# Required work
Type out the lines below exactly, pictures excluded.

# Listed entries
[Start of section]
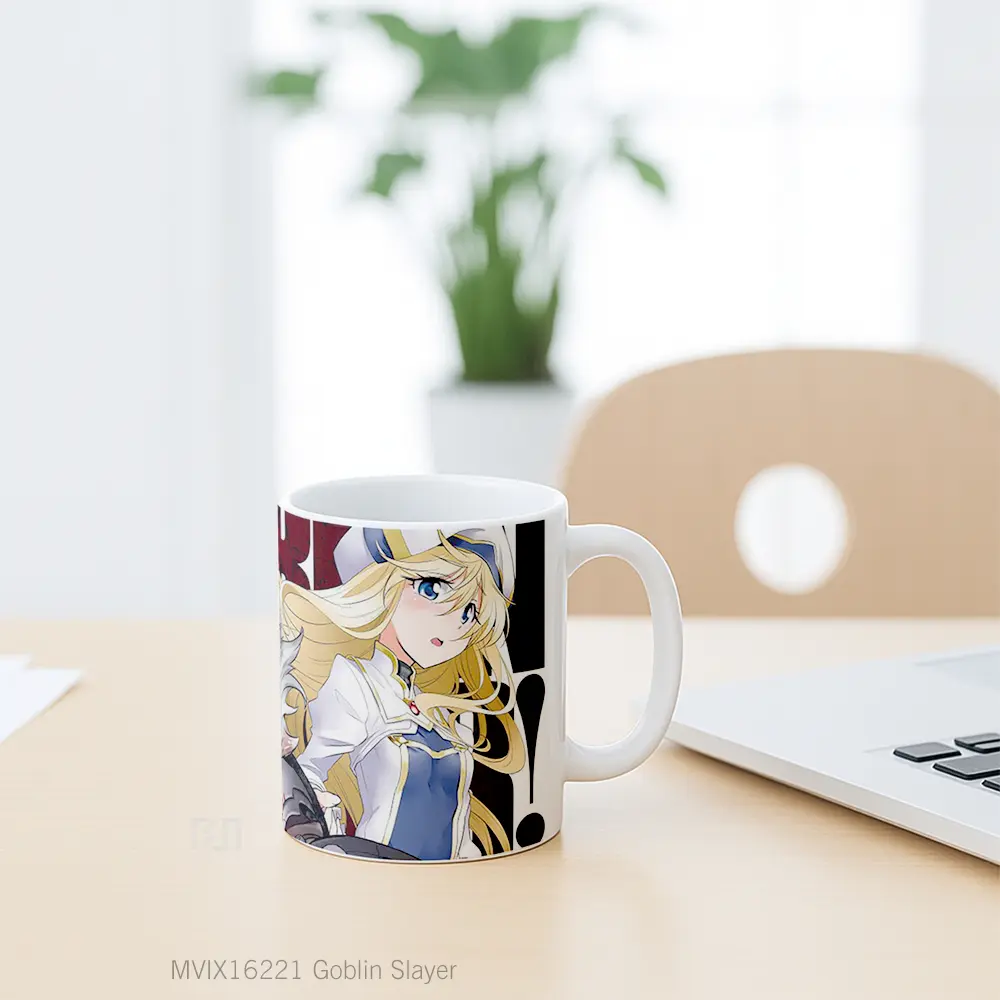 Mug Goblin Slayer Full Wrap Lanscape - All-side / Desain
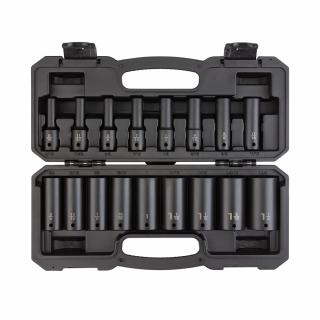 Tekton 1/2 Inch Drive Deep 6-Point 17 Piece Impact Socket Set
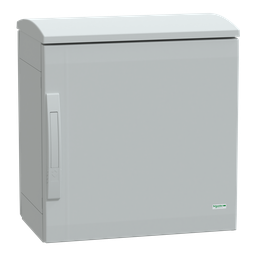 NSYPLAT553G – Floor standing polyester enclosure, Thalassa PLA, plain door, ventilated canopy, 500x500x320mm, IP44, IK10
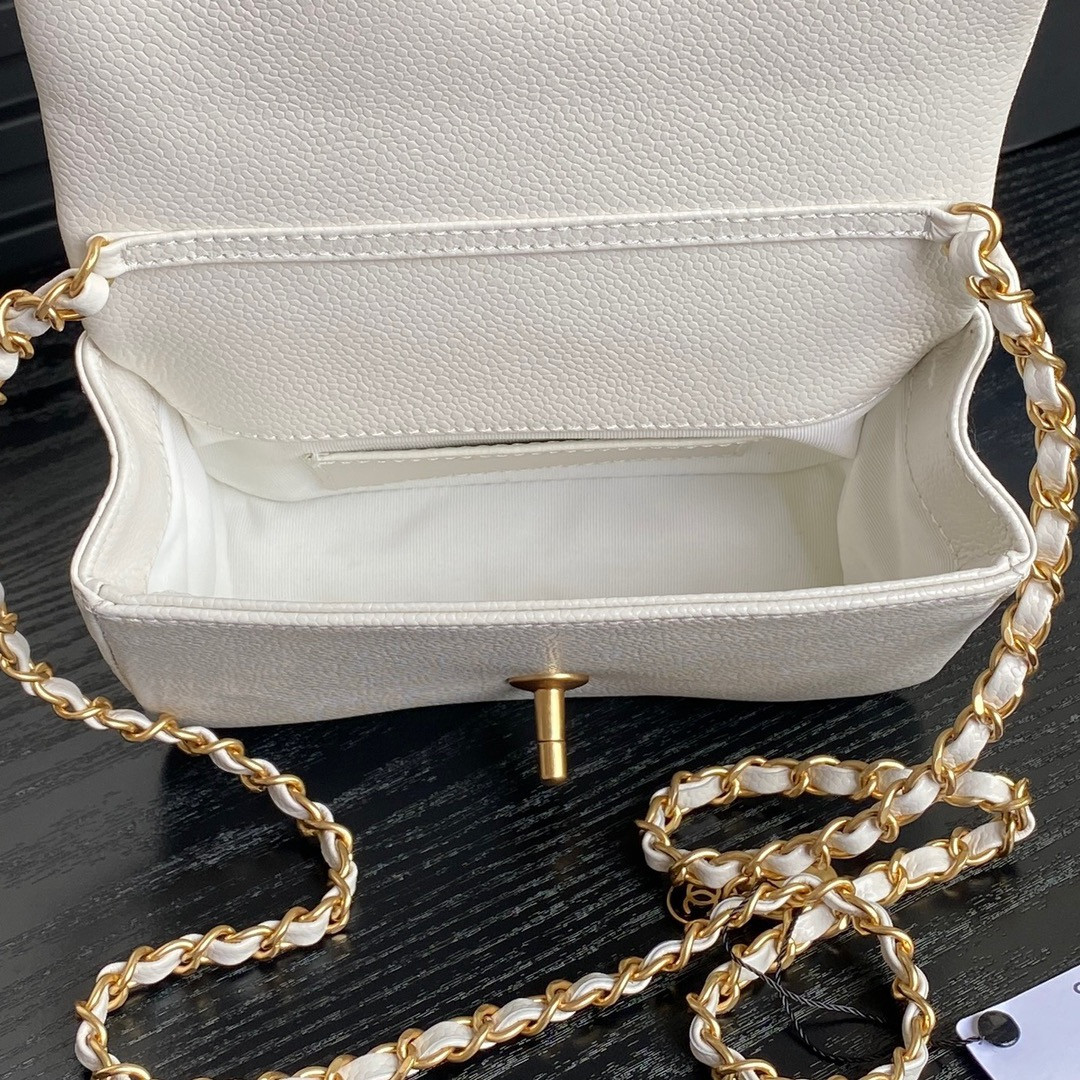 Ch**el MINI FLAP BAG 13×17.5×6cm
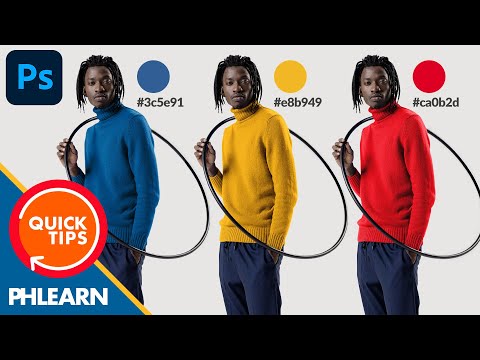 Change Any Color into a Specific Color in Photoshop | Quick Tips!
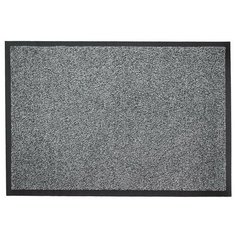 Ворсовый ковер на резиновой основе Iron-Horse black pearl 85x120 Kleen Tex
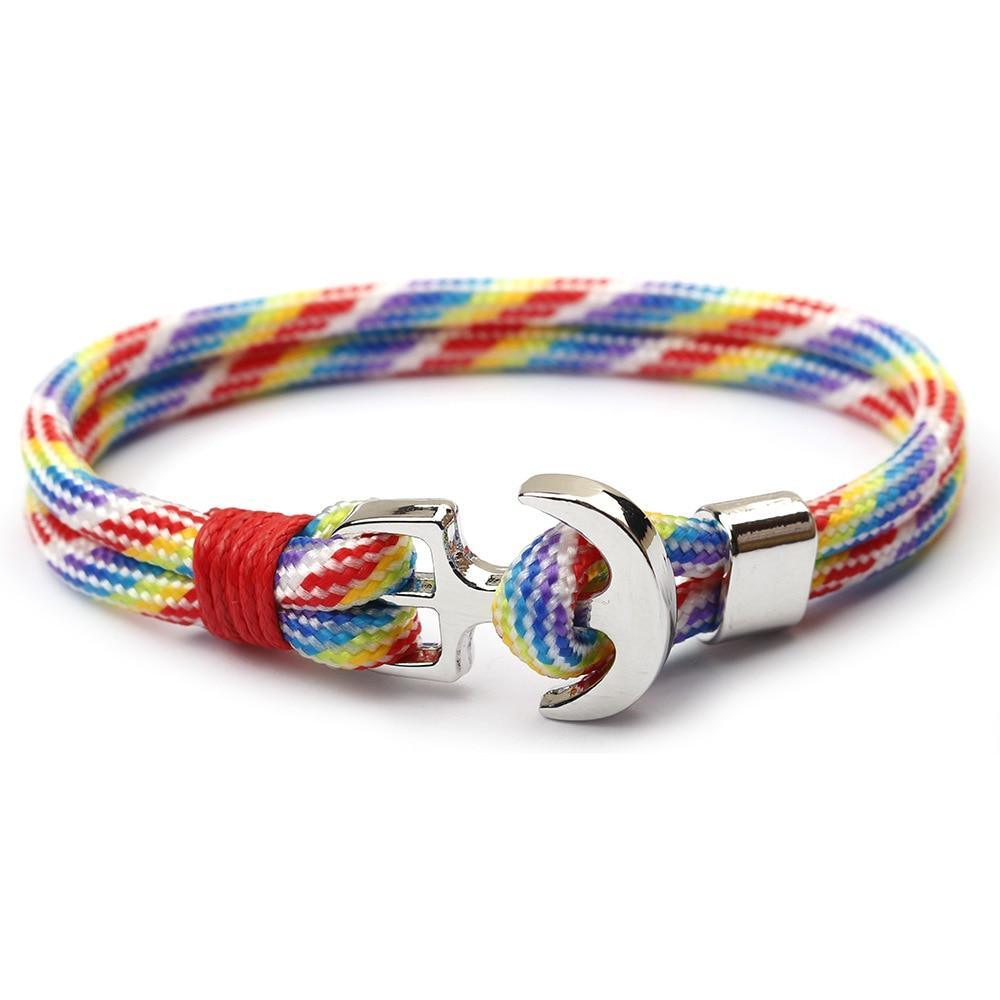 Amazing Multilayer Anchor Bracelets Charm Survival Rope Chain Fashion Jewelry Bracelet Men For Women Best Gift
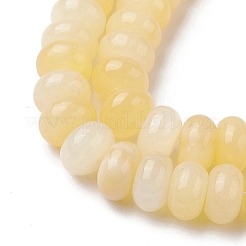 Natürliche gelbe Jade Perlen Stränge&nbsp;G-K359-A01-01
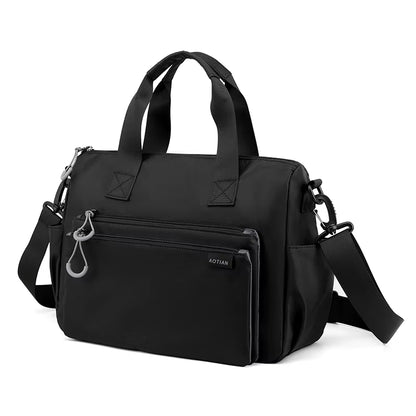 New Men'S Shoulder Bag High Quality Boys Crossbody Bag Man Messenger Bag Nylon Male Business Bolsas, Large and Small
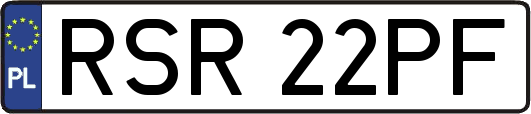 RSR22PF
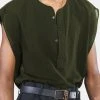 Men Plain Sleeveless Shirt 2 Men Plain Sleeveless Shirt -Incerun Shop 756b88a6 7389 4d59 ac37 3715263e8529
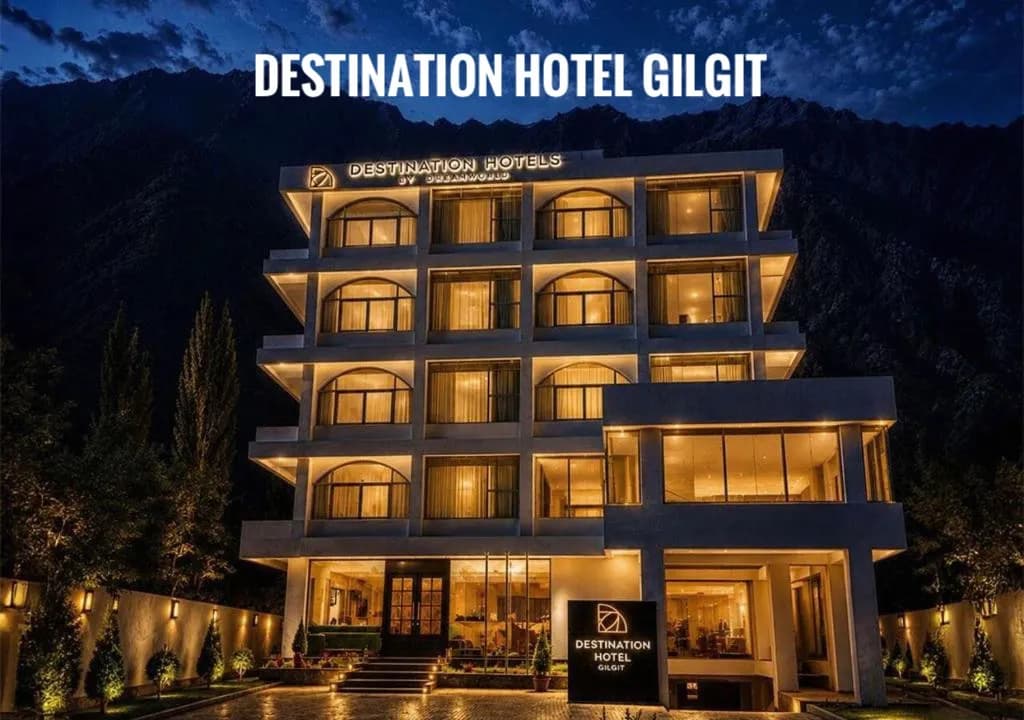 Destination Hotel Gilgit at night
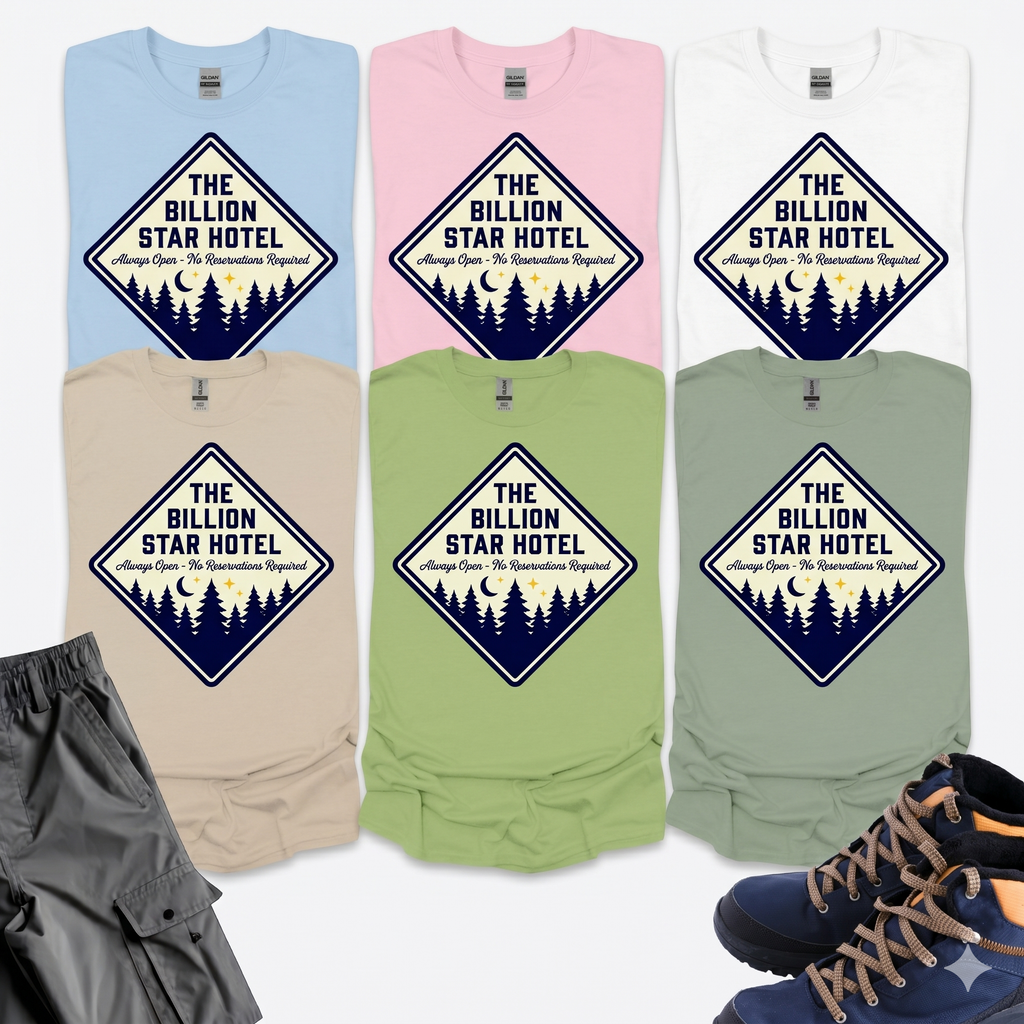 The Billion Star Hotel T-Shirt Printify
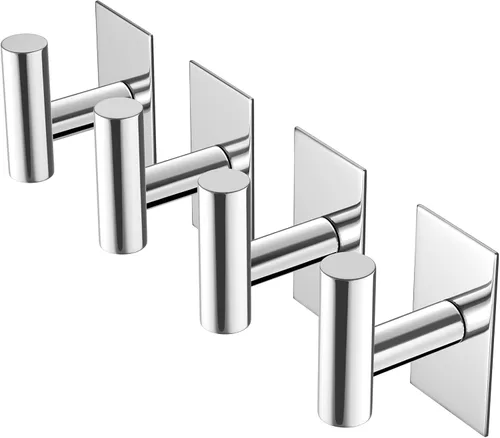 Miniatura 6 de VAEHOLD - Ganchos adhesivos de pared para toallas, resistentes, impermeables, para colgar abrigos, ropa, gancho de pared para armario para cocina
[End of section]
# Response to this exercise
 Mug Goblin Slayer Full Wrap Lanscape - All-side / Desain
 Tekton 1/2 Inch Drive Deep 6-Point 17 Piece Impact Socket Set
 NSYPLAT553G – Floor standing polyester enclosure, Thalassa PLA, plain door, ventilated canopy, 500x500x320mm, IP44, IK10
 Ch**el MINI FLAP BAG 13×17.5×6cm
 Change Any Color into a Specific Color in Photoshop | Quick Tips!
 Ворсовый ковер на резиновой основе Iron-Horse black pearl 85x120 Kleen Tex
 Amazing Multilayer Anchor Bracelets Charm Survival Rope Chain Fashion Jewelry Bracelet Men For Women Best Gift
 Natürliche gelbe Jade Perlen Stränge&nbsp;G-K359-A01-01
 New Men'S Shoulder Bag High Quality Boys Crossbody Bag Man Messenger Bag Nylon Male Business Bolsas, Large and Small
 RSR22PF
 Men Plain Sleeveless Shirt 2 Men Plain Sleeveless Shirt -Incerun Shop 756b88a6 7389 4d59 ac37 3715263e8529
 Destination Hotel Gilgit at night
 The Billion Star Hotel T-Shirt Printify
 Miniatura 6 de VAEHOLD - Ganchos adhesivos de pared para toallas, resistentes, impermeables, para colgar abrigos, ropa, gancho de pared para armario para cocina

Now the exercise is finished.